**Task brief**
This task calls for the lines below starting at the one containing "Ernsthaften Geschäftsmann ausfüllen" and ending at the one containing "A visitor views", repeated exactly with both ends kept and pictures left out.

[Entries supplied]

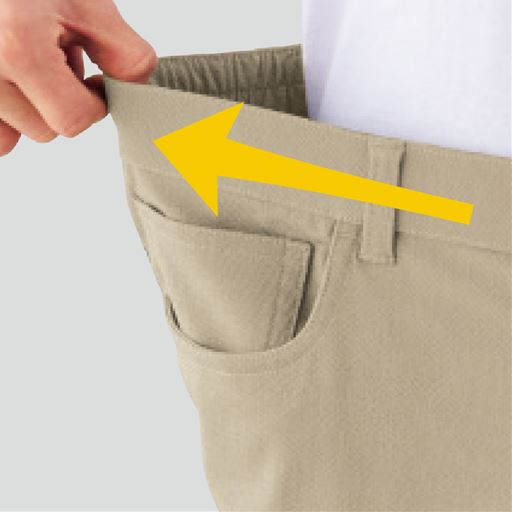 パンツのサイドもしっかりストレッチします。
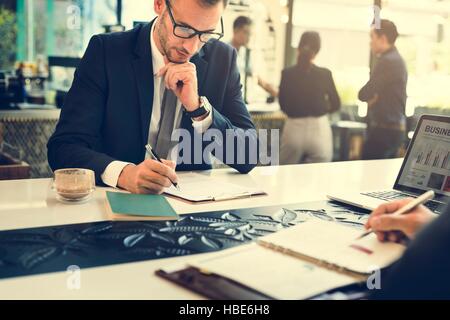 Ernsthaften Geschäftsmann ausfüllen Formular Konzept Stockfoto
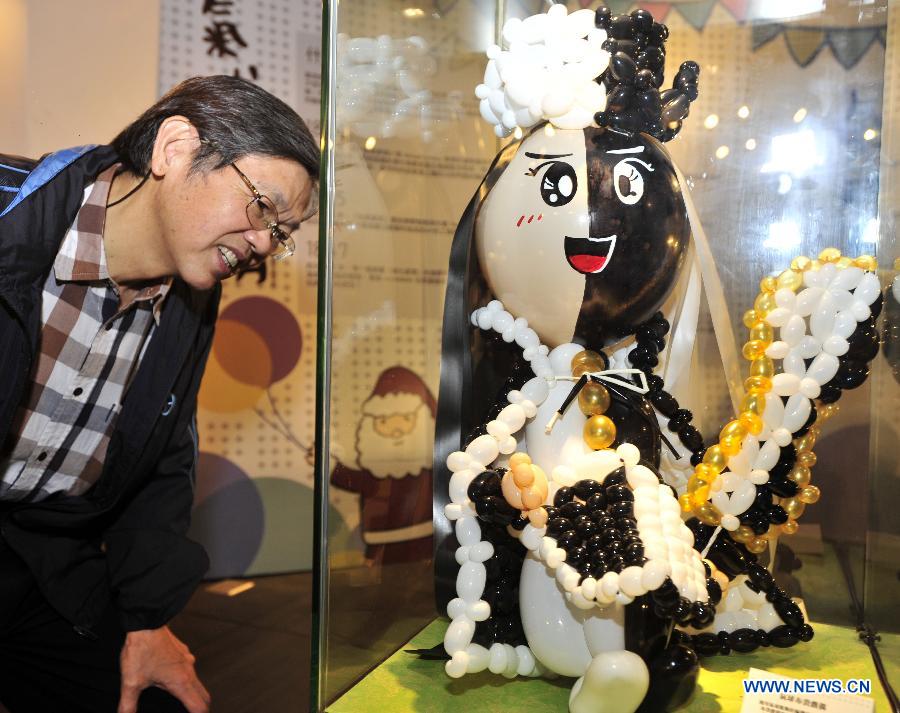 A visitor views a doll made up of balloons during the "BOOMBOOM" Balloon Doll Exhibition at the Puppetry Art Center of Taipei, southeast China's Taiwan, Nov. 9, 2012. (Xinhua/Wu Ching-teng) 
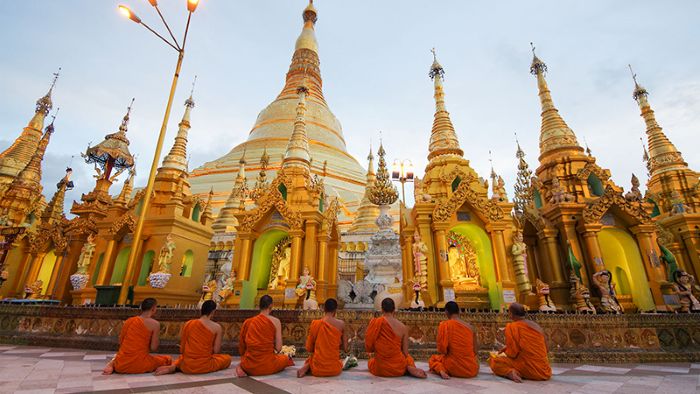 Yangon Shwedagon Pagoda Myanmar - Photo by Indochina Odyssey Tours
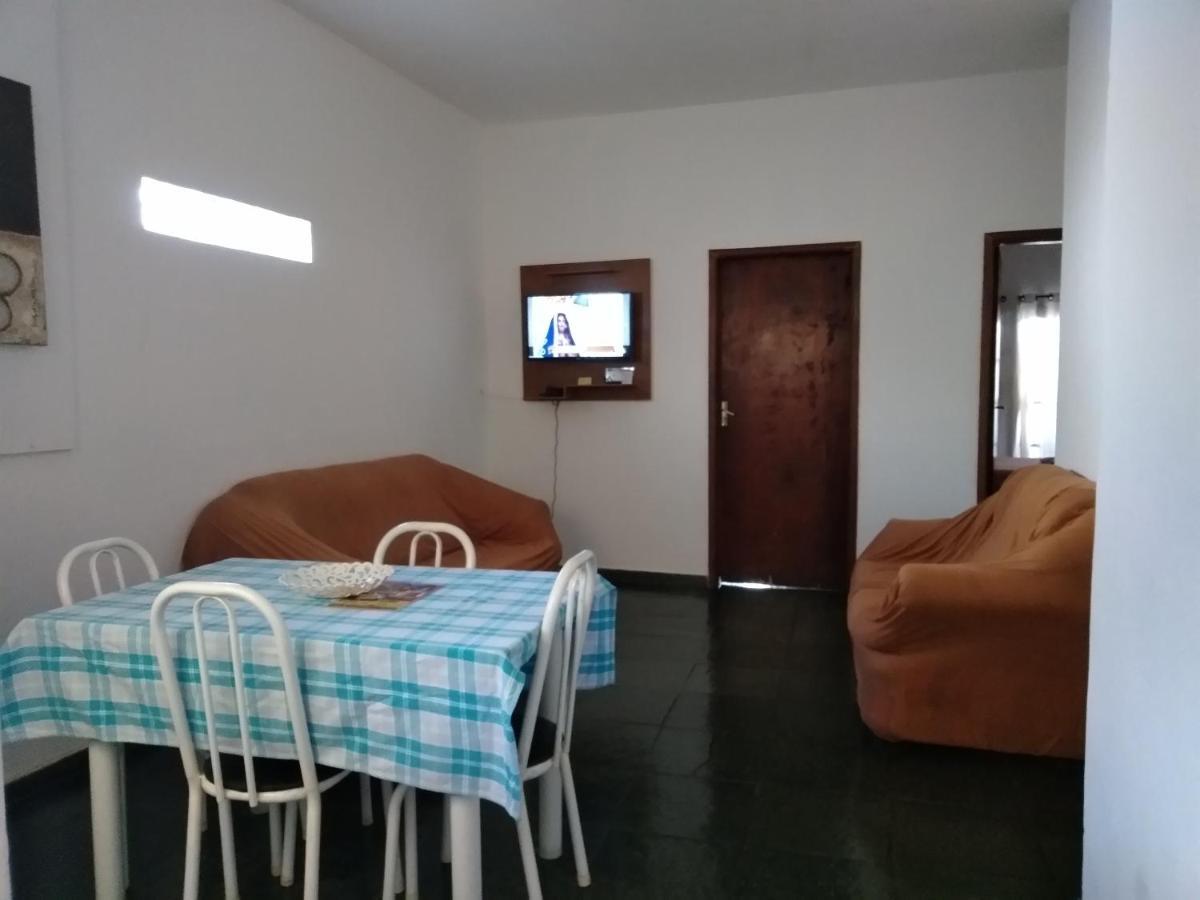 Apartment 10 Pessoas Proximo A Basilica Aparecida (Sao Paulo)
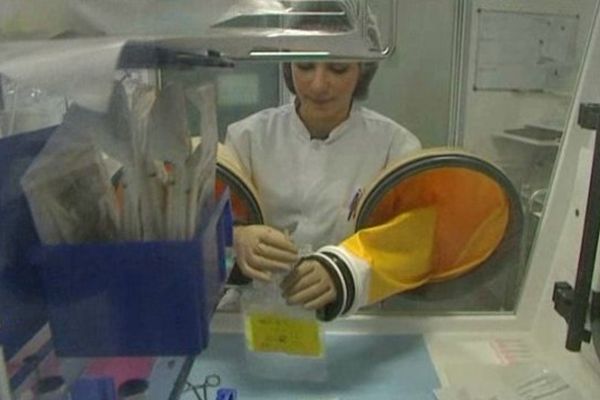 Hopital mère-enfant à Limoges: fabrication des poches de nutrition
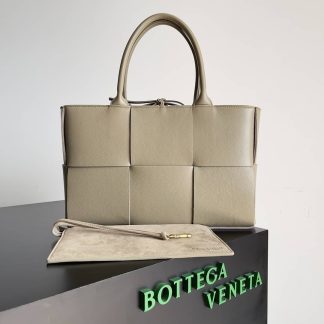 Replica Bottega Veneta Maxi Intrecciato Mini Arco Tote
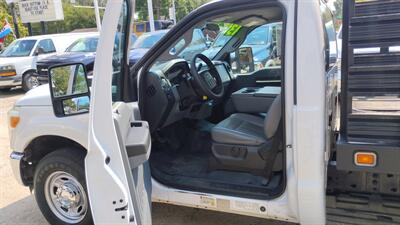 2013 Ford F-250 Super Duty XL   - Photo 13 - Topeka, KS 66608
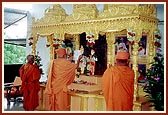Pujya Kothari Swami performs the inauguration rituals 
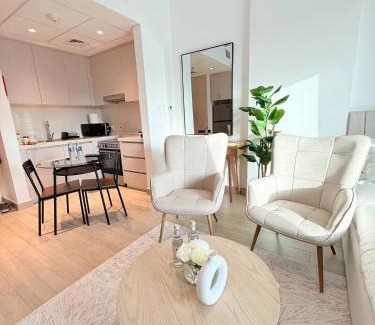 Abu Dhabi Apartment | Sunset Studio Yas Etihad Arena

[/Entries supplied]

**Completed task**
 Ernsthaften Geschäftsmann ausfüllen Formular Konzept Stockfoto
 A visitor views a doll made up of balloons during the "BOOMBOOM" Balloon Doll Exhibition at the Puppetry Art Center of Taipei, southeast China's Taiwan, Nov. 9, 2012. (Xinhua/Wu Ching-teng) 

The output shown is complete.